What does a business broker do?
A business broker is someone who facilitates the sale of a business between private buyers and sellers. Other titles for a business broker include intermediary and business transfer agent. Business brokers can work as independent consultants or as part of a brokerage firm. Business brokers can carry out a range of key responsibilities, including:
- Preparing company records and analyzing tax data
- Processing escrow
- Appraising the value of a company
- Marketing a company and finding qualified buyers
- Screening the financial viability of businesses for sale
- Explaining laws and regulations
- Completing licensing and permit paperwork
- Structuring deals
- Negotiating a sale price
- Maintaining client confidentiality throughout a potential sale
Do you need a business broker?
While anyone has the ability to buy and sell a business, hiring an honest, experienced business broker is a smart financial move that gives you access to strong business relationships and industry expertise that can get you a much better price when selling your company. Finding buyers and striking a fair deal on your own requires an investment of time, especially for new business owners who are unsure how to research potential buyers and set a valuation on their business.

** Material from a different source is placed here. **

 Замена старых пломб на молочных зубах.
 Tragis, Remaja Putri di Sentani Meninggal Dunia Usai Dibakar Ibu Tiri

Related: How to Hire a Business Consultant
How to find the right business broker for your company
To confidently move forward with the sale of your business through a broker, you need to be able to trust their skills, expertise and character. Business brokers often work on commission, so it’s important to work with someone you trust. Follow these steps to help assess a business broker:
1. Know what to look for
Before you even start looking for a broker, make sure you understand the key qualities to look for. These include:
- Transparency: When you ask a broker about who pays their commission and what fees they have, they should give you a direct and honest answer.
- Dedication: Find out if the broker works full-time or part-time. Having a broker that’s dedicated and regularly available is essential for making a smart sale.

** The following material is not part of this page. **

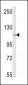SKIV2L2 Antibody (Center)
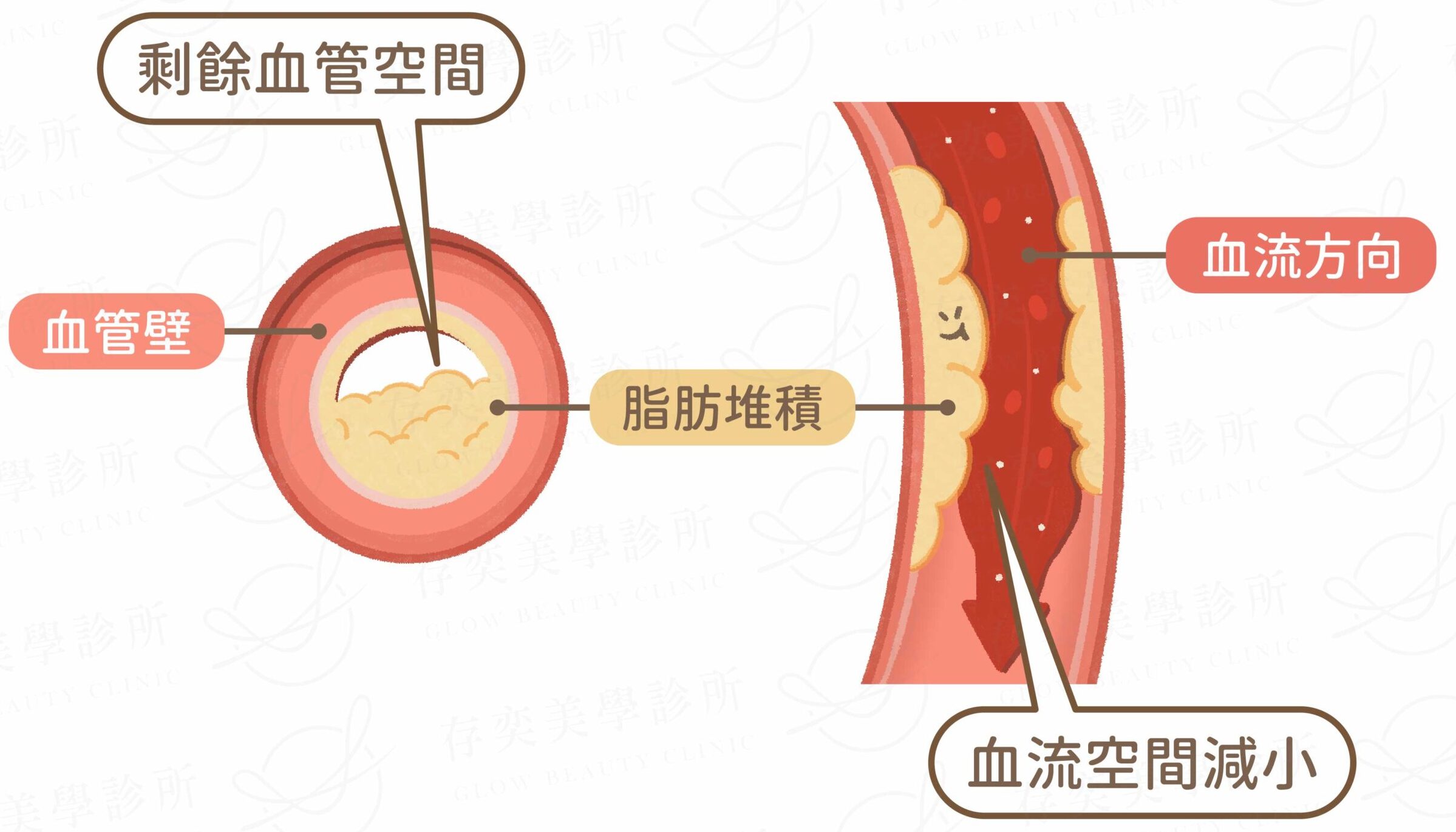 血管不順，心臟最痛苦_血管堵塞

- Reviews: Look at each broker’s web presence and read through client reviews to get a good idea of their experience and ability to deliver results.

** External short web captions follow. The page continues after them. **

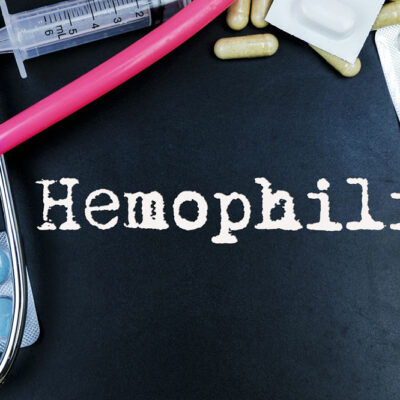 Everyday Tips for Hemophilia Management
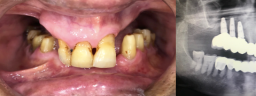 Rehabilitation Dental Implants - Before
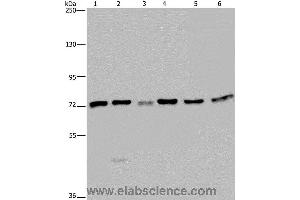 Western blot analysis of K562, A549, HT-29, 293T, Hela and Jurkat cell, using KARS Polyclonal Antibody at dilution of 1:350 (KARS antibody)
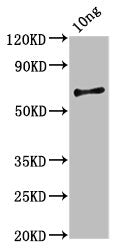 Western Blot Positive WB detected in Recombinant protein All lanes: vvhA antibody at 2.3ug/ml Secondary Goat polyclonal to rabbit IgG at 1/50000 dilution Predicted band size: 58 kDa Observed band size: 58 kDa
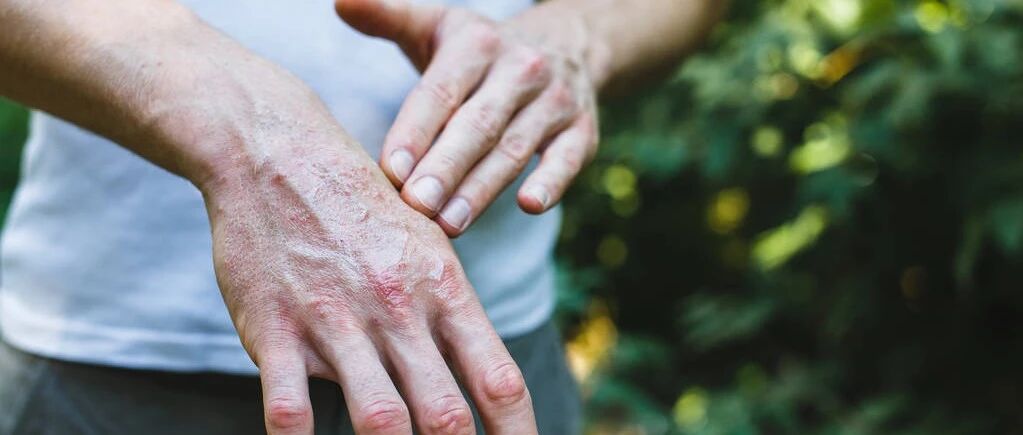 男子外出游玩被虫咬后发热、呼吸急促险丧命！这些防范知识一定要知道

- Marketing abilities: Ask brokers what channels they use to sell businesses aside from their brokerage web page.
- Communication: You need a broker who’s available to respond to questions and quickly engage with potential buyers before the sales window closes. Look for someone who responds quickly to emails and calls, even in the inquiry stage.
2. Research local licensing rules
Each state has its own laws about what licenses business brokers need to operate. Some states do not have a specific business broker license and require business brokers to have a real estate license, while others have no requirements at all. If licensing is available but optional, look for brokers who have put the effort in to get certified.
3. Seek referrals
Your professional contacts can give you a referral to a business broker they have worked with in the past. Reach out to trusted accountants, lawyers and other business owners for recommendations.
4. Browse online directories
The International Business Brokers Association (IBBA) has an online directory with information on qualified business brokers in your area. The IBBA indicates whether a broker is a Certified Business Intermediary—a high-level qualification for brokers who have demonstrated strong ethics and expertise.
Frequently asked questions about business brokers
What does a business broker charge?
Business brokers generally charge a fee of 10% of the overall sale price to the person selling the business. Business brokers may also charge a small fee for specific services like performing a company valuation or preparing a business for sale.
How long does it take for a broker to sell a business?
Business brokers generally take between six months to a year to finalize a sale, but may take more or less time depending on the goals of their client.
What makes a good business broker?
Good business brokers have an analytical mindset, strong negotiation and persuasion skills, expansive industry knowledge and a large professional network.